Re: [DISCUSS] Primary keys in Table API

dwysakowicz
Hi Kurt,

You are right that this is included in the SQL standard.

The problem is we are not a database and we do not own the data. There
is no way for us to truly enforce the uniqueness constraint. We are
always writing to some external systems that, moreover we are not an
exclusive produce/consumer for that data. We cannot ensure that external
systems will not corrupt the data.

The way RDBM systems ensure uniqueness constraint is that they keep the
index of all keys for a table that they check against for every write.
This works only if the system that maintains the index is the only
writer to that table.

Moreover some of the systems also allow loosening this restriction e.g.

DB2:
https://www.ibm.com/support/knowledgecenter/en/SSEPGG_10.5.0/com.ibm.db2.luw.wn.doc/doc/c0061153.html

HIVE(with a non standard syntax, they do it for the same reasons as
listed above):
https://cwiki.apache.org/confluence/display/Hive/LanguageManual+DDL#LanguageManualDDL-Constraints


What do you think?

Best,

Dawid


On 20/11/2019 13:51, Kurt Young wrote:

> Hi all,
>
> Thanks Dawid for bringing this up, this is very important property of SQL
> and
> I'm big +1 to have this.
>
> But before the discussion going deeply, I want to first mention that
> according to
> SQL standard, any unique key constraint which including primary key, should
> be
> always be enforced.
>
> Please see:
>
> 4.18.3.1 Introduction to table constraints
>
> "NOTE 50 — A unique constraint is always enforced.

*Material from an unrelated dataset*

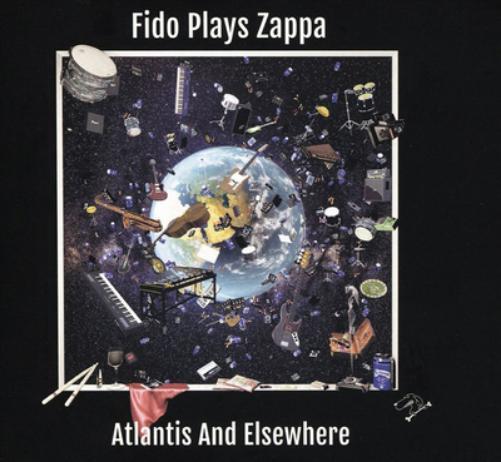 Fido Plays Zappa Atlantis & Elsewhere (CD) Album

A table check constraint
> or
> a referential constraint can either be enforced or not enforced."
>
> Best,
> Kurt
>
>
> On Wed, Nov 20, 2019 at 5:43 PM Dawid Wysakowicz <[hidden email]>
> wrote:
>
>> Hey,
>>
>> After an offline discussion I updated the FLIP slightly. In the initial
>> FLIP I put the OUT_OF_LINE definition at a wrong position. I moved it
>> into the statement paranthesis. I also moved the primary key to the
>> TableSchema class.
>>
>> I also extended sections about UNIQUE key support and how do the primary
>> keys affect sources and sinks.
>>
>> Please have another look. If there are no further concerns, I would like
>> to start the vote soon.
>>
>> Best,
>>
>> Dawid
>>
>> On 20/11/2019 04:32, Jark Wu wrote:
>>> Hi Dawid,
>>>
>>> Thanks for driving this. Primary key is a very important and useful
>> feature
>>> to Flink Table API / SQL.
>>>
>>> I'm +1 to the general design.
>>>
>>> And have some thoughts as following:
>>>
>>> 1. > The design says Flink only support NOT ENFORCED mode. But the DDL
>>> and KeyConstraint#primaryKey(..) can pass in ENFORCED mode.
>>>     What will we do when user specify an ENFORCED mode?  Shall we forbid
>>> it?
>>>
>>> 2. > "When creating a table, creating a primary key constraint will alter
>>> the columns nullability."
>>>     I think we should force the columns to be declared NOT NULL, instead
>> of
>>> change the columns nullability implicitly.
>>>     Otherwise, it may be confused what is the nullbility of the primary
>> key
>>> columns.
>>>
>>> 3. > "Support for Unique key is not part of the FLIP. It is just
>> mentioned
>>> to show how can we extend the primary key concept with more constraints
>> in
>>> the future."
>>>     I think we can include Unique Key as part of the FLIP, as it is
>> already
>>> stated clearly. We can put the implemenation task of unique key in a
>> lower
>>> priority.
>>>
>>> 4. > Method for retrieving primary key constraint is in CatalogBaseTable.
>>>     In SQL standard, primary key is declared in line or out of line. If
>> it
>>> is out of line, it is still in the schema part, i.e. besides column
>>> definitions and in the parentheses.
>>>     So I think maybe primary key should belong to `TableSchema` becuase
>> it
>>> is a part of schema.
>>>
>>>     CREATE TABLE xxx (
>>>        a int,
>>>        b varchar,
>>>        c bigint,
>>>        primary key (a, b)
>>>     ) with (...)
>>>
>>>
>>> Best,
>>> Jark
>>>
>>>
>>> On Tue, 19 Nov 2019 at 23:18, Dawid Wysakowicz <[hidden email]>
>>> wrote:
>>>
>>>> Hi,
>>>>
>>>> I wanted to bring up the topic of primary key constraints that we could
>>>> leverage for runtime optimizations. Please have a look at the proposal
>>>> and I would especially draw your attention to the topic of nullability
>>>> of columns that are part of a primary key. Some time in the future we
>>>> will also be able to leverage it for upserting streaming tables.
>>>>
>>>> Here is the proposal:
>>>>
>>>>
>> https://cwiki.apache.org/confluence/display/FLINK/FLIP+87%3A+Primary+key+constraints+in+Table+API
>>>> Best,
>>>>
>>>> Dawid
>>>>
>>>>
>>>>
>>


signature.asc (849 bytes) Download Attachment
Reply | Threaded
Open this post in threaded view
|

Re: [DISCUSS] Primary keys in Table API

Kurt Young
Hi Dawid,

Actually I'm not 100% sure about both choices: always enforce primary key
by Flink and not enforce at all.

As you said, always enforce primary key is hard to achieve since Flink
doesn't
own data most of the time. But with some certain cases, it's actually
doable, like
writing a new table in a batch job, or if we have upsert flag supported in
message
queue. So it's hard to say Flink has no chance to enforce primary key here.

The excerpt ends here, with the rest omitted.